Когда занавес опустился, на мою долю досталось гораздо больше аплодисментов, чем когда-либо прежде. После представления зрители и члены труппы принялись наперебой поздравлять меня с успехом. Никто из них не знал, что им я обязан САМВ (Стимулирующему Актерское Мастерство Вазелину).
Я быстро вошел во вкус – мне стал нравиться контакт между публикой и актером. Похоже, я давал зрителям что-то, в чем они нуждались. Они подпитывались от меня эмоциями, какой-то внутренней энергией – а я, в свою очередь, заряжался от них. Я не обладал в то время актерским мастерством, способным по-настоящему захватить людей в зрительном зале, даже не знал слов, которыми можно было бы выразить, описать это чувство единения. Но я ощущал его, и мне хотелось, чтобы оно приходило ко мне снова и снова.
После «Король и я» мне довелось сыграть роль в пьесе «Эй! В моем супе девушка». Кроме того, Рэй Дженсен попросил меня и Луиса поставить произведение Теннесси Уильямса «Ночь игуаны». Мы согласились. Интересно было узнать, что такое работа режиссера-постановщика. За три дня до премьеры Рэй Дженсен ушел из труппы. У него возник конфликт с руководством театра, и он демонстративно хлопнул дверью.

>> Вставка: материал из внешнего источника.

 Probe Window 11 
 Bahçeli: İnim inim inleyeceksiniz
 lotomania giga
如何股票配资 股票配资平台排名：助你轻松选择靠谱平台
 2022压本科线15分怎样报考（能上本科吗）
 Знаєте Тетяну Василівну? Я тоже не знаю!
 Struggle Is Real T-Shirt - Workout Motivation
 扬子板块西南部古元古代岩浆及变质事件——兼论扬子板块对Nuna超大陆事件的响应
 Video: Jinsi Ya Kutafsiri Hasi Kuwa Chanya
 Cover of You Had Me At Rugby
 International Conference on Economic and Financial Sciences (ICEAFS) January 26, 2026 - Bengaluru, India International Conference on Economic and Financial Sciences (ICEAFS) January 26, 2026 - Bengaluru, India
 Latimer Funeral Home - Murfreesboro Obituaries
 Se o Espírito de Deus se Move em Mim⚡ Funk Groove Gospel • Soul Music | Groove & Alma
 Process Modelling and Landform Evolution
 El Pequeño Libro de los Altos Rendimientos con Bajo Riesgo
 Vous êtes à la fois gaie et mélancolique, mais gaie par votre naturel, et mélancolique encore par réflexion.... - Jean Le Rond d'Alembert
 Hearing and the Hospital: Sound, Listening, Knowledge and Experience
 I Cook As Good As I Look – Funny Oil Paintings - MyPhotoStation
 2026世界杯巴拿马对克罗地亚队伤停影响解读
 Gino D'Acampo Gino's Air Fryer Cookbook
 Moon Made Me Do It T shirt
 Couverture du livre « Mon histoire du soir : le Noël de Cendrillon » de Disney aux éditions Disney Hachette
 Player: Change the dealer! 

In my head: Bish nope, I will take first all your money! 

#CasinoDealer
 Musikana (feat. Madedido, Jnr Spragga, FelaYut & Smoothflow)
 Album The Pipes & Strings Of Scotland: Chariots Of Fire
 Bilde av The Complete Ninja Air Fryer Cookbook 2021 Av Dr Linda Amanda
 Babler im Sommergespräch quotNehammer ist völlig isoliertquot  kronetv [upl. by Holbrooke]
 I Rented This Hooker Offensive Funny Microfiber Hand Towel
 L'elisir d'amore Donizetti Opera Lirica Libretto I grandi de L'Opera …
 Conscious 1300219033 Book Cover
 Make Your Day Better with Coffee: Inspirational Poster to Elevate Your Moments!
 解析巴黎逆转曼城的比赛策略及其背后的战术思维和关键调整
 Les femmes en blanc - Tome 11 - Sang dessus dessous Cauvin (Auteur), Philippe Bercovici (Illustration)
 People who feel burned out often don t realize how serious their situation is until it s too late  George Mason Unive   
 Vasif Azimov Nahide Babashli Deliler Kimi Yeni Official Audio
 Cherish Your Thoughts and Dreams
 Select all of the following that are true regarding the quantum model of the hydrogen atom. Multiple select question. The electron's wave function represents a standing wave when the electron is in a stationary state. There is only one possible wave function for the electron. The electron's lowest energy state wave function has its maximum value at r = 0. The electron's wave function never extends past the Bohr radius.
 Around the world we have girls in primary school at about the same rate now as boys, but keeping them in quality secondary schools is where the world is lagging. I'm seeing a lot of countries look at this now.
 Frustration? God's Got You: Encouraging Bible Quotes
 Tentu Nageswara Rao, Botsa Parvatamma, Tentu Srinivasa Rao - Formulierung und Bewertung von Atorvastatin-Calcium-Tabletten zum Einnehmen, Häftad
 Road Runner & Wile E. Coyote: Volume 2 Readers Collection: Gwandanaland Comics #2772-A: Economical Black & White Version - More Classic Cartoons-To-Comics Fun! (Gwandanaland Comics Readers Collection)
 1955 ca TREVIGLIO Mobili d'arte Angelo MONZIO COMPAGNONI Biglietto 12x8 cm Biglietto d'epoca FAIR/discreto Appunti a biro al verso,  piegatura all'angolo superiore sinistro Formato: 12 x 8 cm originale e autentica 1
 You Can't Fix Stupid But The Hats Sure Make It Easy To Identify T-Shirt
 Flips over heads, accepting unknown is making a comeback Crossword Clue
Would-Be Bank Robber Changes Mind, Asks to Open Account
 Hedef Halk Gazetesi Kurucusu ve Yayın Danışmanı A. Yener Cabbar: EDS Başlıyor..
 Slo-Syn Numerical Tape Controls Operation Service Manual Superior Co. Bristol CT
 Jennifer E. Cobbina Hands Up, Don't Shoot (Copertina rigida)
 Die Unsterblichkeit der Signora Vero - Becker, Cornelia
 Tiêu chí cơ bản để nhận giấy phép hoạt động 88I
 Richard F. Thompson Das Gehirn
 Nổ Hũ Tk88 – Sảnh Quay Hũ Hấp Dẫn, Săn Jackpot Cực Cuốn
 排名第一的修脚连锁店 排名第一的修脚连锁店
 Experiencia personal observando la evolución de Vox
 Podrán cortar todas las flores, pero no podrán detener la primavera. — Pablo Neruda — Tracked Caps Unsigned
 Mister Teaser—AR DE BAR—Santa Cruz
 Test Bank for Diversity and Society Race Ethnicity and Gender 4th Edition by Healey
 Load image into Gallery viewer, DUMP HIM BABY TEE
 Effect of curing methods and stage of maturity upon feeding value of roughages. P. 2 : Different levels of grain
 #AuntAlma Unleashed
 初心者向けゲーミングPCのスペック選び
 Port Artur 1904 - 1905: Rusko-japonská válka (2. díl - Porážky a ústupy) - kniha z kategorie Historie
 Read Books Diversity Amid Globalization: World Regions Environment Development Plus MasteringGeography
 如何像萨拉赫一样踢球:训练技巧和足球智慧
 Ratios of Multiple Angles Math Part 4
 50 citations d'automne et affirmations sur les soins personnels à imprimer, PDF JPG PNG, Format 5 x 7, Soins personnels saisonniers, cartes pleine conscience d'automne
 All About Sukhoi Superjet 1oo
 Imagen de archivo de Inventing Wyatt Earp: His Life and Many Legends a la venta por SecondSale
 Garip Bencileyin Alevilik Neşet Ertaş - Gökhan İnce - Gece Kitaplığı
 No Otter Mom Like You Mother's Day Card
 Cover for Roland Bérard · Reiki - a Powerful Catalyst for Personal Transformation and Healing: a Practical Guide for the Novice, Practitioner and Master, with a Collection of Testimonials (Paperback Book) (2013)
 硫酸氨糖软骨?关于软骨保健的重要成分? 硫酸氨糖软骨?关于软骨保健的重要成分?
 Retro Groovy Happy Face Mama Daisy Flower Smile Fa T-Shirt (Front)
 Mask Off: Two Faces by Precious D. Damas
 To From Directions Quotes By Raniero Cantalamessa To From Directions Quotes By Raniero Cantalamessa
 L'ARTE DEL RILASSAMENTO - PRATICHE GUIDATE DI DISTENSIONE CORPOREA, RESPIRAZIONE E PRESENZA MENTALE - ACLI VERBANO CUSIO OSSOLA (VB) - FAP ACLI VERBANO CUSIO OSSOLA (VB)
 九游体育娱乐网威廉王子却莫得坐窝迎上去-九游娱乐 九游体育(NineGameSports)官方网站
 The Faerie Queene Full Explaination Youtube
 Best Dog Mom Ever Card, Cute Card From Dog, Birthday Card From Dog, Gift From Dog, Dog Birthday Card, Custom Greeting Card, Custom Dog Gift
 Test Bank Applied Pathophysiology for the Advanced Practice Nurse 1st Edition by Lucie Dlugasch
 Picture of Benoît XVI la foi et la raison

Поскольку обратиться было не к кому – слишком мало оставалось времени, – руководство попросило нас с Луисом полностью взять бразды правления в свои руки. Луис, обладавший куда большим опытом, чем я, решил, что будет лучше, если он займется техническими вопросами, а я стану художественным руководителем. У меня было всего три дня, чтобы закончить работу над спектаклем. Его главным героем был лишенный духовного сана священник по имени Шэннон, который попал в субтропический Мехико и пытается осмыслить свои жизненные поражения и ошибки и сделать из них какие-то выводы.